Task description
What you return should be the lines from the one with "1982‎ Old Fashioned" through the one with "Fórmula Enfance Arroz" in the data below, reproduced exactly with both ends, and no pictures at all.

Provided entries
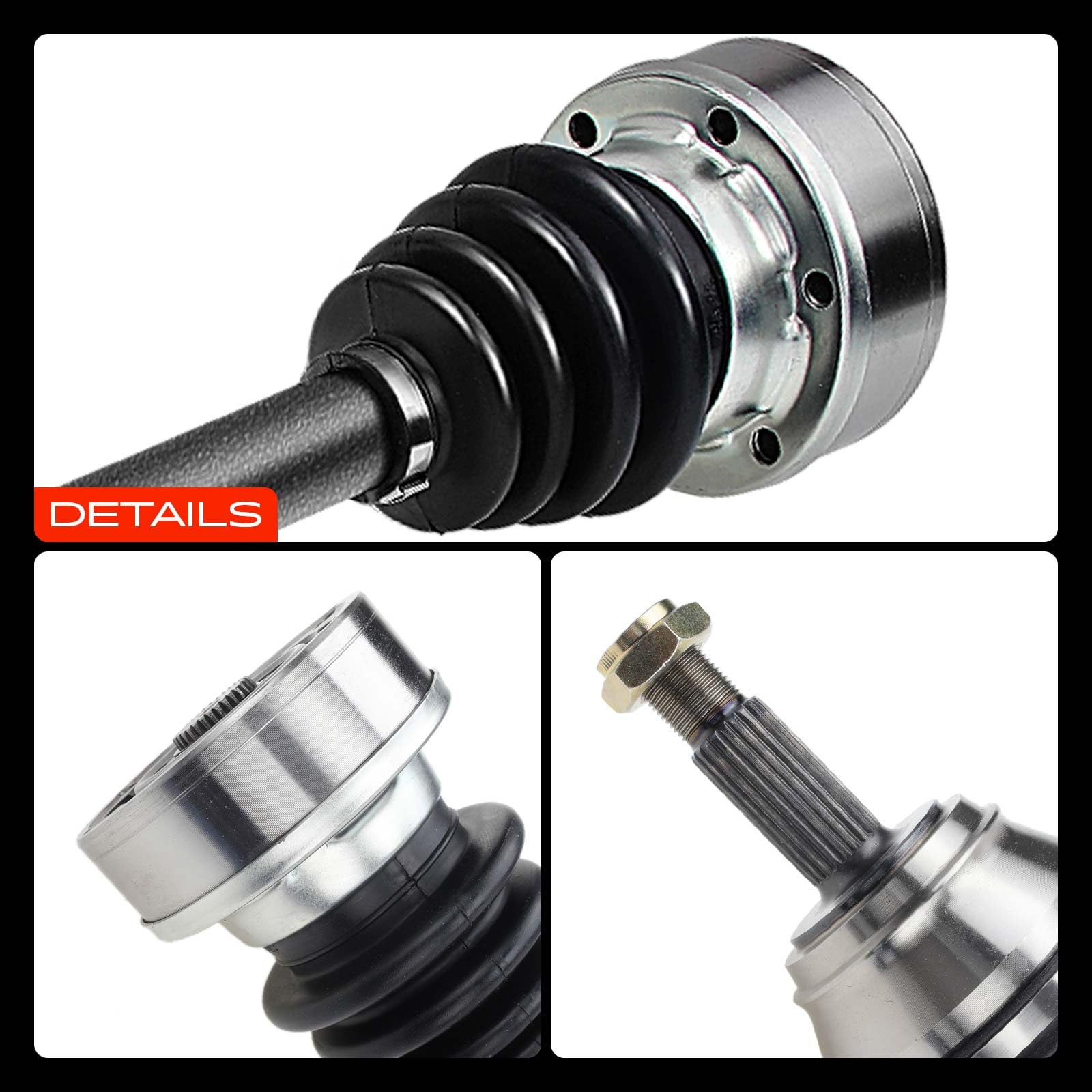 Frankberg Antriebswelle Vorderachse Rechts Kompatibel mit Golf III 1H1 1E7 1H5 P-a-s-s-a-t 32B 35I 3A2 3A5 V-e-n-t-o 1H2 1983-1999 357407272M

---

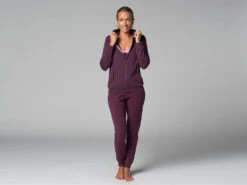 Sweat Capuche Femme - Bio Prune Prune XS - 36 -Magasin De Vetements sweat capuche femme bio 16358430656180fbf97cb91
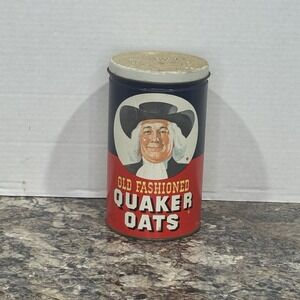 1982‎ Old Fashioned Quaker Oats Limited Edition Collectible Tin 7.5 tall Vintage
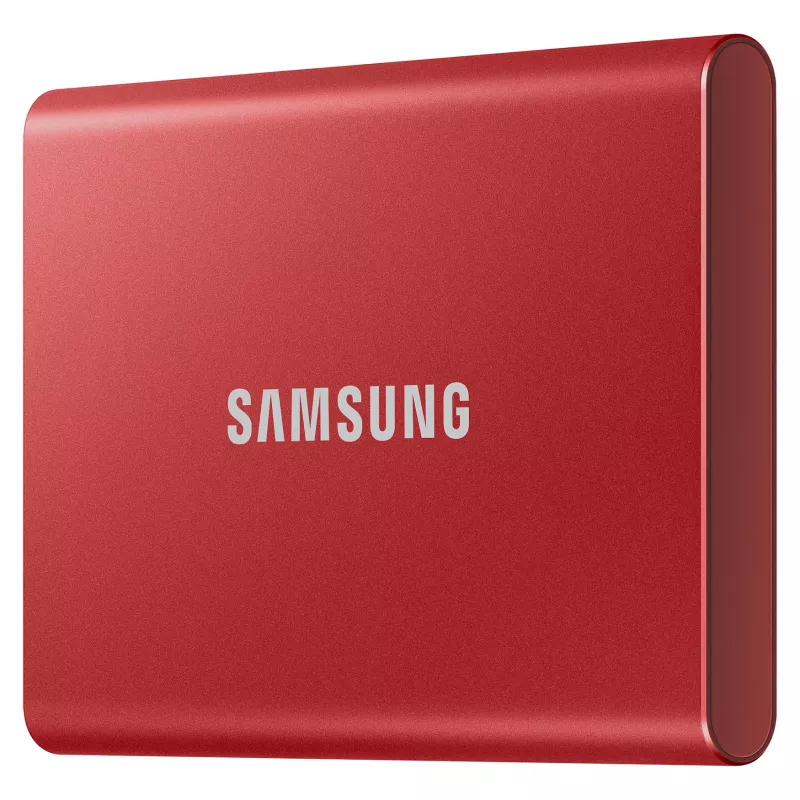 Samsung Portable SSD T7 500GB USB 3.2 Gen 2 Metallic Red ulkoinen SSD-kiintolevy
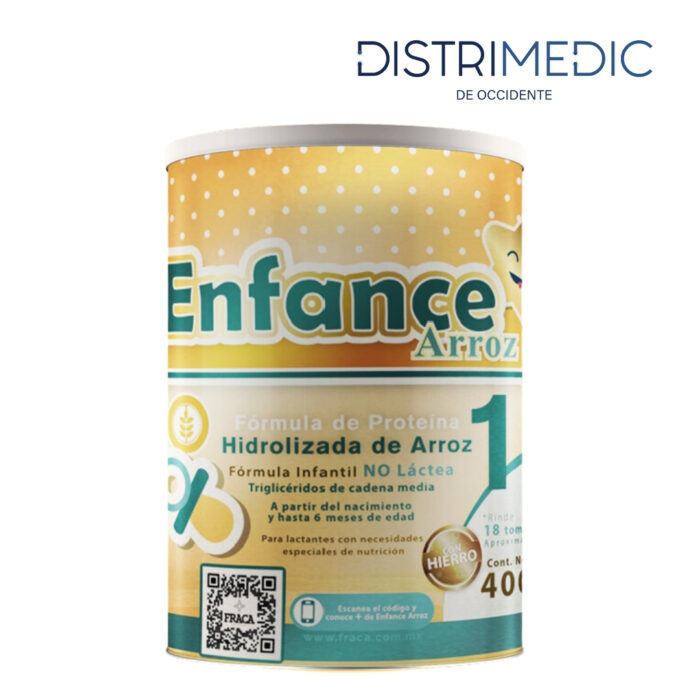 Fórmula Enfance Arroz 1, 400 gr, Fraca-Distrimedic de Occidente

Output
 1982‎ Old Fashioned Quaker Oats Limited Edition Collectible Tin 7.5 tall Vintage
 Samsung Portable SSD T7 500GB USB 3.2 Gen 2 Metallic Red ulkoinen SSD-kiintolevy
 Fórmula Enfance Arroz 1, 400 gr, Fraca-Distrimedic de Occidente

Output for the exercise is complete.